A crowd of 13,822 was on hand at Harder Stadium to see the host UC Santa Barbara men defeat Big West Conference rival Cal Poly San Luis Obispo, 2-0.  [November 4]

Comment:  Absolutely anywhere in America can become a soccer hotbed, even the laid-back, sunsplashed, tony beach town of Santa Barbara, CA. 

Consider that when Harder Stadium played host to the most significant soccer match in its history, just 9,127 showed up to see the U.S. National Team–16 months ahead of the 1994 World Cup it would host–hold Romania to a 1-1 draw.

This match’s significance was along the lines of, perhaps, a game in the French fourth division.  In winning, the Gauchos clinched the No. 3 seed in the Big West Conference playoffs and avenged a loss at Cal Poly earlier in the season.  Hardly anyone in U.S. collegiate soccer noticed.   But those among the 13,822 who hadn’t made the trip down the coast from San Luis Obispo went home happy and will be back again.

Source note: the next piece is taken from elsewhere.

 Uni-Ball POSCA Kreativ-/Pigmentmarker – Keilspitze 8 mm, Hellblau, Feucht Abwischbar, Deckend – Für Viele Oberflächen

Somehow, Santa Barbara has become a soccer hotbed, at least on the collegiate level.  Last year, Harder Stadium was site of six of the season’s 10 best-attended men’s matches.  An early-season game against UCLA drew a throng of 15,896; followed by Duke at 11,242.  UCSB hosted the 2010 NCAA Division I men’s final between Akron and Louisville, and that attracted 9,672.  In all, the Gauchos, in 12 home games, led NCAA soccer in total attendance, 70,471, and average turnstile count, 5,873.   By comparison, the late, unlamented Miami Fusion could muster only an additional 1,500 per home game before it was booted out of Major League Soccer.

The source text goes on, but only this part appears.